Nicholas Saunder, the younger, (1563 - 9 February 1649)

of the Manor of Batailles in Ewell, Surrey,
receiver of stolen goods and alleged thief;
subsequently knighted

Nicholas Saunder described

In his article 'the Owners Of The Manor Of Batailles To The End Of Its Tenure By The Saunder Family' published in Surrey Archaeological Collections Volume 54, 1955, Michael L. Walker provides much information about the Nicholas Saunder who is the subject of this article: -
"The eldest son of Nicholas Saunder and his wife Isabel was named Nicholas. He matriculated at Balliol College at the age of 18 in 1581, two years before his younger brother Henry and likewise, according to Foster's Alumni Oxonienses, preceded Henry to the Inner Temple, both sons thus followed the profession of their father [Inner Temple Admissions - Nicholas (1) admitted 11 May 1557, Nicholas (2), 8 February 1583, & Henry, 1 February 1590]. In the summer of 1585 the list of certified recusants of Ewell included "Mr. Nicholas Saunder gent, the younger and his wife." Nicholas was then only 22 and had already married Elizabeth, the daughter of Richard Blunt, who had owned property in Lambeth. Nicholas was mentioned as a recusant "now to be dealt with" in 1586, but not subsequently. He succeeded to his father's property at the end of the following year (except that which was left for life to Margaret, his stepmother, who was granted the Manor of Batailles) and at once embarked upon a parliamentary career for which he had to conform to the Established Church and submit to the Oath of Supremacy. The sentence in his father's will that to Lord Burghley's "honorable favour, direction and protection I doe comend and comitt my said sonne Nicholas" may have influenced this change of face of Nicholas Saunder junior. The change was complete by January 1591-2, when Lord William Howard, Sir William More and Sir Francis Carew (uncle of Nicholas) informed the Privy Council that Nicholas Saunder was a member of the Surrey Commission for the detection and suppression of the Jesuits. Howard, More and Carew declared that all the ten members of the Surrey Commission were sound and well affected in religion to God and devoted in all duty to the service of Her Majesty. The report to the Privy Council had to disclose whether any of the Commissioners' wives were recusants; no comment was made on any of this report. It is therefore surprising to read in a Declaration of the Knights and Burgesses of Surrey: "And lykewise Sir Nicholas Saunders a Justice of the peace alsoe of the Countye, that ordinarilye he Comethe to the churche and is not suspected anye waye to be popishe, but his wife is of a popishe disposition as we are credibly ynformed."

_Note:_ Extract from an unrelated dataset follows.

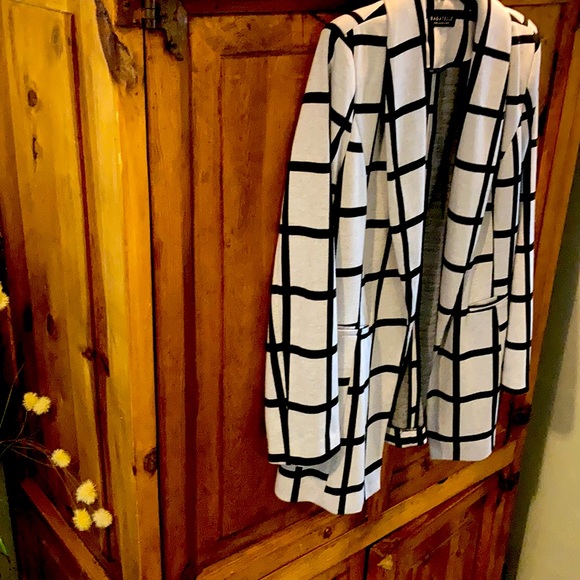 Geo Jacket - Picture 3 of 5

This document is undated, but must have been written after Nicholas was knighted in 1603.It was easier for Elizabeth Saunder to adhere to the Catholic religion than for her husband, since women papists were not liable to imprisonment and did not suffer the heavy penalties and loss of property to which their husbands were exposed.

Nicholas Saunder was Member for Penrhyn, Cornwall, in the Parliament of 1588-9. Subsequently he is recorded as representing the Cornish boroughs of St. Ives in 1593, Helston in 1597-8 and Lostwithiel in 1601. He was also credited with representing Haslemere in the Parliament of 1593. This Parliament lasted less than three months, and it may be that he sat for either St. Ives or Haslemere and that in the other constituency a writ was issued for a by-election, which was never held on account of the short duration of that Parliament. Subsequently he represented Gatton from 1604 to 1611 and finally Winchelsea in 1626.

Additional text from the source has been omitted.